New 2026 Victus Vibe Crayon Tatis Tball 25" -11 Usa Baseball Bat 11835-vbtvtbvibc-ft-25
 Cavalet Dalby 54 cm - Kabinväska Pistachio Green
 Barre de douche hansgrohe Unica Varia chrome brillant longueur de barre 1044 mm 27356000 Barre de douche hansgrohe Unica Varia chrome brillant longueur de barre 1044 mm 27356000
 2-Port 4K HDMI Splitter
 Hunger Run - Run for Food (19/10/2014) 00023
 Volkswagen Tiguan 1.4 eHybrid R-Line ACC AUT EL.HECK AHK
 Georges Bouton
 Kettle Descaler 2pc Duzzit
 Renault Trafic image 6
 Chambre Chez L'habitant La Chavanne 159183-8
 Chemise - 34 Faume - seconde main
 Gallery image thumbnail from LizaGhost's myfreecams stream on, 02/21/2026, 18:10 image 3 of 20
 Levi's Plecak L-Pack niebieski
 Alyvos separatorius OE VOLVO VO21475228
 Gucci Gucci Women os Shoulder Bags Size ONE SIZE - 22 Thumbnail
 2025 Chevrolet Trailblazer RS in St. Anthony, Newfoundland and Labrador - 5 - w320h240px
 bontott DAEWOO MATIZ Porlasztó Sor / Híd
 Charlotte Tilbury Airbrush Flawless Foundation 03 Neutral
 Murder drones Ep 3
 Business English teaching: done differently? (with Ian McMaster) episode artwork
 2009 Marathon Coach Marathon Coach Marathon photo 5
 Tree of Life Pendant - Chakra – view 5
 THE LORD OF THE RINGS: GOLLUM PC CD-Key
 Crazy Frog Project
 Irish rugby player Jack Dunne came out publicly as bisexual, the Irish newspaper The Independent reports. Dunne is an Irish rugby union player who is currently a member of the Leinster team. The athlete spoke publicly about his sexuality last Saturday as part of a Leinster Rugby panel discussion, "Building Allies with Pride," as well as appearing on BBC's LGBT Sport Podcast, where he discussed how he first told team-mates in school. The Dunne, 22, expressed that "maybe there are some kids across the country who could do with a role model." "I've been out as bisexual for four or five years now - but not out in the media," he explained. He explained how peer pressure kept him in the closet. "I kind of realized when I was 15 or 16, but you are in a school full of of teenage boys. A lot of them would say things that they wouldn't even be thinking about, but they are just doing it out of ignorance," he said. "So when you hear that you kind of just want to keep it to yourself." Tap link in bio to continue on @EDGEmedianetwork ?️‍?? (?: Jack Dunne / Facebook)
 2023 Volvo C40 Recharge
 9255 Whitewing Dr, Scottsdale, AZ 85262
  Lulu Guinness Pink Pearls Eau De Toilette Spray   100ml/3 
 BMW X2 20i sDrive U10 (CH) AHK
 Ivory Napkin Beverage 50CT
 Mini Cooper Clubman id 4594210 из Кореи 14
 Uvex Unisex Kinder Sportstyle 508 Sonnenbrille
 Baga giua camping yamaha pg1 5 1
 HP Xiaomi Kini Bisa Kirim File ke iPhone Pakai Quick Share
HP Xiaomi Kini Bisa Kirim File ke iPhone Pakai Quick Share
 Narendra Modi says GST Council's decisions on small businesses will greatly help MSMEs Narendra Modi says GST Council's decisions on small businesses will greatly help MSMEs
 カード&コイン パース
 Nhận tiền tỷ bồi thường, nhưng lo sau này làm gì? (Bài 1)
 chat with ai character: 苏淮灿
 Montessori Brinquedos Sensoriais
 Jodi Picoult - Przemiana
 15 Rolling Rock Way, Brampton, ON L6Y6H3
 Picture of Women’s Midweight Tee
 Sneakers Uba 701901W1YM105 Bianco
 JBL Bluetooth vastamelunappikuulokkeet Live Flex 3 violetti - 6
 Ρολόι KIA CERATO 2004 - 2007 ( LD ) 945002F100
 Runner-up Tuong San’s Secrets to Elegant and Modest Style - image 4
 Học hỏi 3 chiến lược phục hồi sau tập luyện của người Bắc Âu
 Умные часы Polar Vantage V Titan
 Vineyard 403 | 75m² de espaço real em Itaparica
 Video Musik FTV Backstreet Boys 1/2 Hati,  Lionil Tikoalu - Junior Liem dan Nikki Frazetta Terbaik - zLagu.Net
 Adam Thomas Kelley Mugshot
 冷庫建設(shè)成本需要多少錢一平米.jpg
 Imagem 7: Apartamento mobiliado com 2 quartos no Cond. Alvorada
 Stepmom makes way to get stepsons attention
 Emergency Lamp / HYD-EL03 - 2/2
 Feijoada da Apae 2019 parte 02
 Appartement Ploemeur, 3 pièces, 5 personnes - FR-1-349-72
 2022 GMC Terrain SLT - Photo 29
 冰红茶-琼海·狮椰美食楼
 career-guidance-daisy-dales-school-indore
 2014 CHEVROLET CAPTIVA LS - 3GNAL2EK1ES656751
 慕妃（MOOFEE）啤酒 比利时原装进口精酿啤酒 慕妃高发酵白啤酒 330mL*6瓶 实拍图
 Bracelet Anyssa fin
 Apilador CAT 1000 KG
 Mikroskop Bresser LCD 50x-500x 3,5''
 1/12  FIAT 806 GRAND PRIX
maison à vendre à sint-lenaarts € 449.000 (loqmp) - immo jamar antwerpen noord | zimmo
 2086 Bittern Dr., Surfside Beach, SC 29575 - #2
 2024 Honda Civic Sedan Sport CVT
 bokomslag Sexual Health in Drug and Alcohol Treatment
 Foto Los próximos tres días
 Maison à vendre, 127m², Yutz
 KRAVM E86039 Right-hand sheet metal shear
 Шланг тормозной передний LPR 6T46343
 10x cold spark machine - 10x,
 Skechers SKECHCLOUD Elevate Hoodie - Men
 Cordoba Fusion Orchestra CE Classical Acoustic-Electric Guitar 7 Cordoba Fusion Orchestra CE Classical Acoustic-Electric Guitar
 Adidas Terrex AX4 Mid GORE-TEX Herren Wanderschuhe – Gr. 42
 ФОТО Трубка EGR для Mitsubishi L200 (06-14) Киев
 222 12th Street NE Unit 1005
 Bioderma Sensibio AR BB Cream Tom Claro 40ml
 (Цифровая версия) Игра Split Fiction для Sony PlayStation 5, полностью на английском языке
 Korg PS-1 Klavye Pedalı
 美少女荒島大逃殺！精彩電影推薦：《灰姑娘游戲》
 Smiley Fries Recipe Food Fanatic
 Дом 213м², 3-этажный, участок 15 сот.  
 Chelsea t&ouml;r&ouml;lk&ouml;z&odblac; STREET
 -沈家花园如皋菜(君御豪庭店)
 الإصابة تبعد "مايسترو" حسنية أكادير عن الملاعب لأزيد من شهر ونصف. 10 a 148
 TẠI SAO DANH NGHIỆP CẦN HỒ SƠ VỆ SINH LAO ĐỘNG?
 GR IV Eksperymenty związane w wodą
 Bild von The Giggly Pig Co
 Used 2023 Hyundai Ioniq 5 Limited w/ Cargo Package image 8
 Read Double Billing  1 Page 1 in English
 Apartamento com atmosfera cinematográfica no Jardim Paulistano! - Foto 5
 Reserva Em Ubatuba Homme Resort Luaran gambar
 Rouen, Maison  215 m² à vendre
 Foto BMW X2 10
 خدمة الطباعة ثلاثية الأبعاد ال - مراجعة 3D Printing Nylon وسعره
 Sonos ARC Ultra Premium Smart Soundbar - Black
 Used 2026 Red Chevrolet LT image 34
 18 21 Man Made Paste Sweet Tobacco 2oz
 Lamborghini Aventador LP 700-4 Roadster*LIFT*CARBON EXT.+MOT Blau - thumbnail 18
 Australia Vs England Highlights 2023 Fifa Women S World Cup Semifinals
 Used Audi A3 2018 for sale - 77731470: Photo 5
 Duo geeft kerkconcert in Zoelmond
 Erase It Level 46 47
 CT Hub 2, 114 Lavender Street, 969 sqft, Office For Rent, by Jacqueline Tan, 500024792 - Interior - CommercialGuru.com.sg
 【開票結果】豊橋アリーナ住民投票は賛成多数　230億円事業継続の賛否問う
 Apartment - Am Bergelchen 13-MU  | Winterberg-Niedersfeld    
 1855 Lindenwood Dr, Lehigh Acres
= = = = =
● Requirement
What are the lines above, starting at the one with "15 Rolling Rock Way, Brampton, ON L6Y6H3" and ending at the one with "Appartement Ploemeur, 3"? Give them again exactly, and only them.

● Reply to the task
 15 Rolling Rock Way, Brampton, ON L6Y6H3
 Picture of Women’s Midweight Tee
 Sneakers Uba 701901W1YM105 Bianco
 JBL Bluetooth vastamelunappikuulokkeet Live Flex 3 violetti - 6
 Ρολόι KIA CERATO 2004 - 2007 ( LD ) 945002F100
 Runner-up Tuong San’s Secrets to Elegant and Modest Style - image 4
 Học hỏi 3 chiến lược phục hồi sau tập luyện của người Bắc Âu
 Умные часы Polar Vantage V Titan
 Vineyard 403 | 75m² de espaço real em Itaparica
 Video Musik FTV Backstreet Boys 1/2 Hati,  Lionil Tikoalu - Junior Liem dan Nikki Frazetta Terbaik - zLagu.Net
 Adam Thomas Kelley Mugshot
 冷庫建設(shè)成本需要多少錢一平米.jpg
 Imagem 7: Apartamento mobiliado com 2 quartos no Cond. Alvorada
 Stepmom makes way to get stepsons attention
 Emergency Lamp / HYD-EL03 - 2/2
 Feijoada da Apae 2019 parte 02
 Appartement Ploemeur, 3 pièces, 5 personnes - FR-1-349-72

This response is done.